● **Exercise objective**:
Exactly the lines from the one containing "柳州市精業(yè)機器有限公司榮獲十佳吹塑獎" to the final line below should be output, and no others.

● **Recorded information**:
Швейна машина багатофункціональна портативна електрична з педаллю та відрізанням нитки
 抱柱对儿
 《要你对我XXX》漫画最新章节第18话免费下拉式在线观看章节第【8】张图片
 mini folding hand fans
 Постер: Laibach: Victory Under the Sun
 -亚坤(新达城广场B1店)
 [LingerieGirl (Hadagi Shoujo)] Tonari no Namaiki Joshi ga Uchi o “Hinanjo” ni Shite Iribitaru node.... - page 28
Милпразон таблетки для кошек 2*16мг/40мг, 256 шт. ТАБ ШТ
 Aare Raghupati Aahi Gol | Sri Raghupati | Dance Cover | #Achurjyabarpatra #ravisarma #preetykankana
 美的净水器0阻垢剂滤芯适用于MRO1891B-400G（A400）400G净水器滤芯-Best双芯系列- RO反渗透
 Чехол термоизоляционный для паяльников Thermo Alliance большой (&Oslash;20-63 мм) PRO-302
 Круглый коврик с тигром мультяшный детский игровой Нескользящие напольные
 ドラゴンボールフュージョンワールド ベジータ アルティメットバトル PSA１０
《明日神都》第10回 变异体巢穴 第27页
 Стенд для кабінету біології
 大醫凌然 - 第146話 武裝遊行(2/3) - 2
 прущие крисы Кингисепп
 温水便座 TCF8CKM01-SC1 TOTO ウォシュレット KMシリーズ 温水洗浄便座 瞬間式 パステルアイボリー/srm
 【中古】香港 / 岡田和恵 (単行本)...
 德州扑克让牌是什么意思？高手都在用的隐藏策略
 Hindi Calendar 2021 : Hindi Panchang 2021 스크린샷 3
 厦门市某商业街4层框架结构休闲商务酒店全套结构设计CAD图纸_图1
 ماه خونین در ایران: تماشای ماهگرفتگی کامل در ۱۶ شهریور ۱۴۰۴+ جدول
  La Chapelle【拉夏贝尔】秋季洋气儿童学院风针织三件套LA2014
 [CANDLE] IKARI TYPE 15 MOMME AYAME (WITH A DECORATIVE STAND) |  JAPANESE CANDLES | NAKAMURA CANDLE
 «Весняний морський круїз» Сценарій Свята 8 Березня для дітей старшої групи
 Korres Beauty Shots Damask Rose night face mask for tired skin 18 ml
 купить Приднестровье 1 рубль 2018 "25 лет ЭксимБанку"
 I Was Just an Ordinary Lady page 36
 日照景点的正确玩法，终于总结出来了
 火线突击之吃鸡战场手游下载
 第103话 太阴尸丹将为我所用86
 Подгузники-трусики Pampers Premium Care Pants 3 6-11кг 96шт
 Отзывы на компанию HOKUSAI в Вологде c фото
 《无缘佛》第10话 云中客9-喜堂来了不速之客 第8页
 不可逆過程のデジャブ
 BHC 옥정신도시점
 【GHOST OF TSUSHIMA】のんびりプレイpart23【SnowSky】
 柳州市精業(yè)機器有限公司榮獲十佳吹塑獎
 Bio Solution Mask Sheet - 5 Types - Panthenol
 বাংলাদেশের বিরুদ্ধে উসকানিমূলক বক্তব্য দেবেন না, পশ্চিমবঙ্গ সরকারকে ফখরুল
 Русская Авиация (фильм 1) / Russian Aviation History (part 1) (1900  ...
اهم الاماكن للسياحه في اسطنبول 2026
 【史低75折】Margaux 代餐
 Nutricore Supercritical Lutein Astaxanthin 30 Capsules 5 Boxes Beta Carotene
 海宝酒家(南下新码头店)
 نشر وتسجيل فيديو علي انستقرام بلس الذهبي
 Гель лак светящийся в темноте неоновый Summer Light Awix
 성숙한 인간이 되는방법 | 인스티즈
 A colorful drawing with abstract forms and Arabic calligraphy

● **Response to this task**:
 柳州市精業(yè)機器有限公司榮獲十佳吹塑獎
 Bio Solution Mask Sheet - 5 Types - Panthenol
 বাংলাদেশের বিরুদ্ধে উসকানিমূলক বক্তব্য দেবেন না, পশ্চিমবঙ্গ সরকারকে ফখরুল
 Русская Авиация (фильм 1) / Russian Aviation History (part 1) (1900  ...
اهم الاماكن للسياحه في اسطنبول 2026
 【史低75折】Margaux 代餐
 Nutricore Supercritical Lutein Astaxanthin 30 Capsules 5 Boxes Beta Carotene
 海宝酒家(南下新码头店)
 نشر وتسجيل فيديو علي انستقرام بلس الذهبي
 Гель лак светящийся в темноте неоновый Summer Light Awix
 성숙한 인간이 되는방법 | 인스티즈
 A colorful drawing with abstract forms and Arabic calligraphy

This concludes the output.